Army Sgt. Angelo Stevens carried heavy burdens when he went to see a military financial planner in May 2010. His family, which includes two seriously ill children, was living under the cloud of $100,000 in debt — and the financial predicament was threatening his job. He saw no options before the meeting, and a few humiliating minutes with the planner left him feeling more hopeless than when he arrived. As he headed to the parking lot, he did the math and made a decision.

"I walked out thinking, 'If I'm dead my family can get $500,000 in life insurance, but I have to kill myself,' " he recalls. As he approached his car on the base at Fort Belvoir, Va., he heard someone calling after him. Another planner, Jan Chapman, had overheard his consultation and felt compelled to act.

"I could tell by the look in his eyes that he was one step off the planet," she says.

Stevens, now 38, credits Chapman, a 62-year-old planner in Annapolis, Md., with saving his life.

Statistics from the Defense Department include financial trouble along with mental illness, family problems, legal issues and substance abuse as top factors in military suicides. Running counter to the belief that time on the battlefield is the main cause of such deaths, a Pentagon study of the 319 non-reserve military suicides in 2012 found that more than 50% were among service members who had never deployed.

Insurance may play an inadvertent role in suicides. Almost all active-duty soldiers carry a $400,000 government life insurance policy, which pays out even when someone takes his own life — unlike most insurance policies that cover private citizens. Survivors of service members also typically receive a $100,000 death benefit payable immediately. Most of the survivors of the 350 active-duty military suicides in 2012 received life insurance payouts, according to the Pentagon.

Chapman and about a dozen other planners with experience in guiding service members, as well as many veterans, say they have seen the debilitating effects of the financial pressures members of the military face.

LIMITED ASSISTANCE
While the Defense Department hires hundreds of financial advisors to assist those who serve in the armed forces, military policy does not allow them to provide planning, although some bend the rules to help troops in need. Instead, the advisors are instructed to focus solely on financial education, largely out of concern that planners could try to sell unsuitable financial products to service members who typically have little or no experience handling financial matters. "It's an important distinction," according to Barbara Thompson, director of the Defense Department's Office of Family Policy for Children and Youth.
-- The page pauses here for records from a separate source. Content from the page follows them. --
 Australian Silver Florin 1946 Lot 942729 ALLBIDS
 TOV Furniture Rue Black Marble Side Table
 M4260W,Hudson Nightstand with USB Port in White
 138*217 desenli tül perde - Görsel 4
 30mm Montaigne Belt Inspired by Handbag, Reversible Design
Despite concerns about unscrupulous advisors, planning advocates believe the military is not using a vital tool at its disposal, especially since the military already forbids planners from selling products to troops. They say lives could be saved if the military helped more soldiers build strategies and develop solutions for escaping financial problems, such as debilitating debt. They also say the Pentagon's tendency to treat suicide risk primarily as a mental health problem impedes its ability to help those in financial straits.
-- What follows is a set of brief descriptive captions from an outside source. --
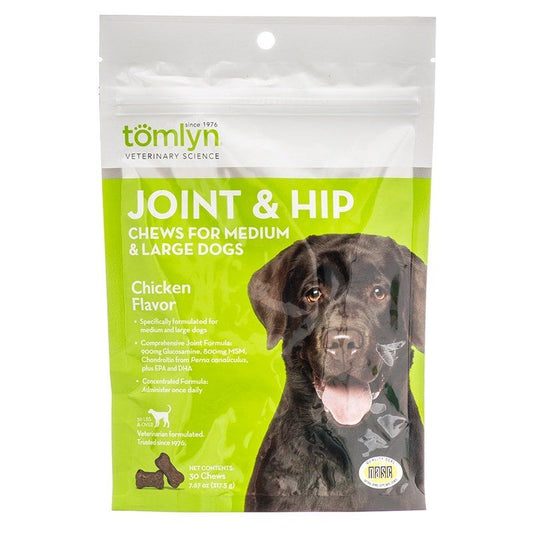 Tomlyn Joint & Hip Chews for Large Dogs - Chicken Flavor-Animals & Pet Supplies-BimBimPet-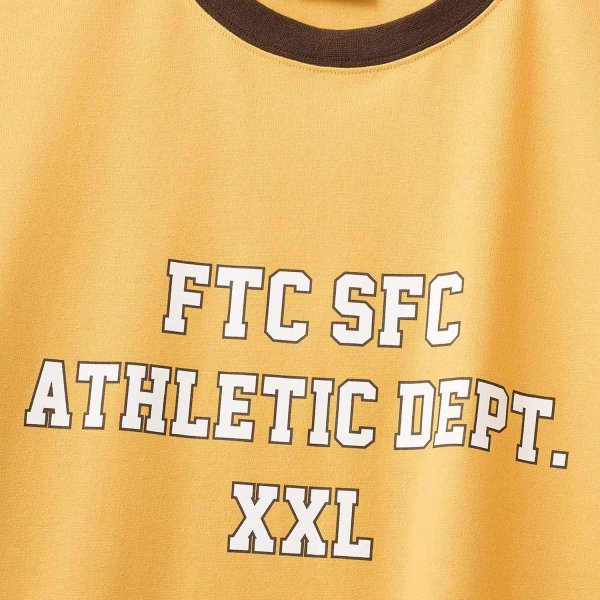 画像2: FTC | THLETIC DEPT. RINGER TOP - GOLD (2)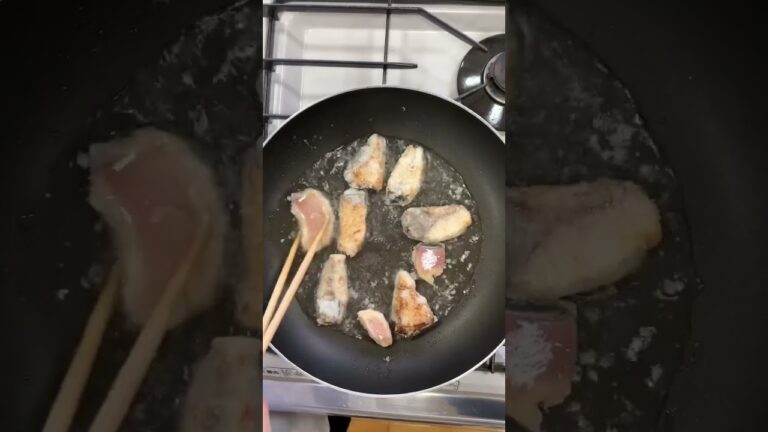 魚のおかず ブリのから揚げみぞれがけ #shorts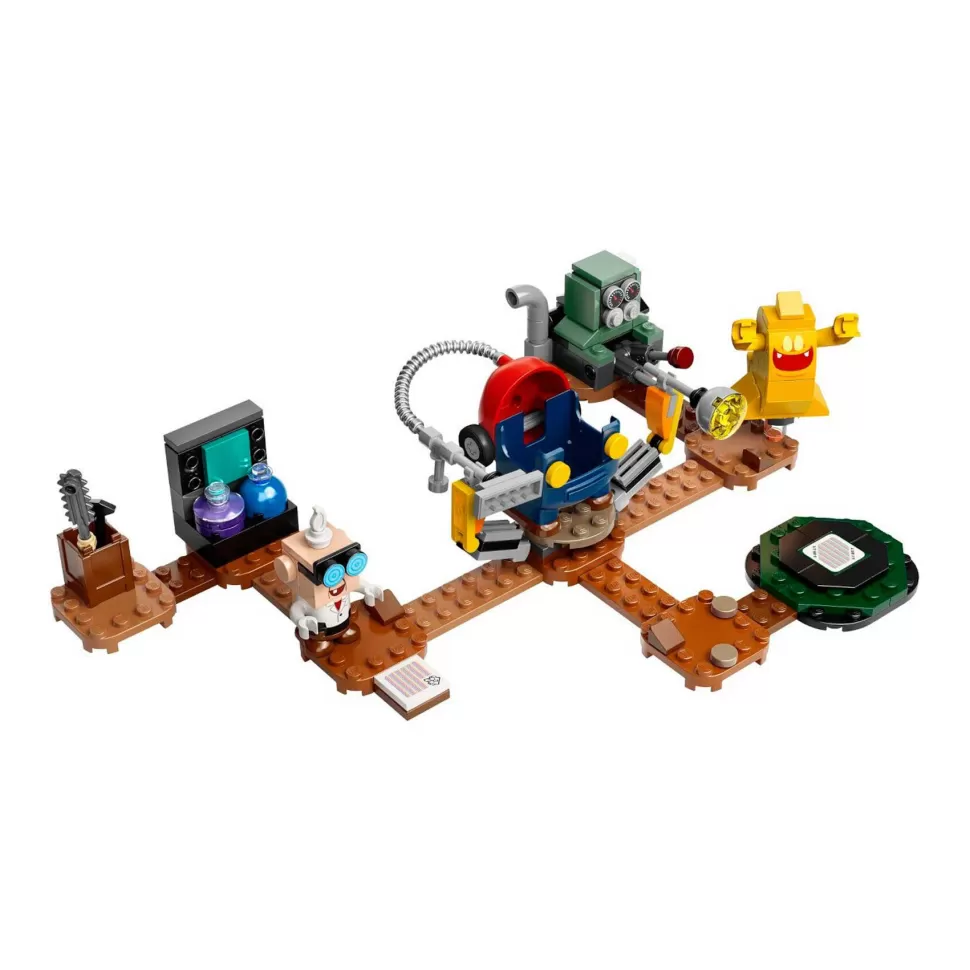* Juegos De Construcción^ Super Mario Set De Expansion: Laboratorio Y Succionaentes De Luigi'S Mansion 71397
"We've known this forever and no one will listen to us," says Craig Bryan, a veteran and executive director of the University of Utah's National Center for Veterans Studies. "We know that financial problems are one of the leading factors that immediately precede suicide among members of the military," he adds. "There are life stressors that are perceived as being unsolvable and never-ending, and suicidology is seen as being a coping strategy."

Jacqueline Garrick, director of the Department of Defense's Suicide Prevention Office, said she is well aware of the stigmatization that can come with classifying a service member's troubles as being related to mental health. She says her office is refocusing its suicide prevention efforts toward resolving daily life problems. "But understanding that," Garrick says, "and how to do it, how to develop the training and curriculum around that, it's still something that we do need to have a better understanding of."
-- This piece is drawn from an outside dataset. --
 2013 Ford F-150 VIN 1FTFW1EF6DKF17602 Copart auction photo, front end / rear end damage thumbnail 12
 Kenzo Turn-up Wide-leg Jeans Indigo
This military's shift in focus — Garrick's office was formed in 2011 — may have contributed to a 9% drop in suicides to 474 in 2013 from 522 in 2012 among regular and reserve troops.

Garrick's office also is designing programs for new veterans. At least 8,000 veterans, about 22 a day, commit suicide annually, according to the Veterans Administration. Veterans account for more than 20% of all suicides in the U.S., although they amount to less than 10% of the U.S. adult population, according to a Financial Planning analysis of government records.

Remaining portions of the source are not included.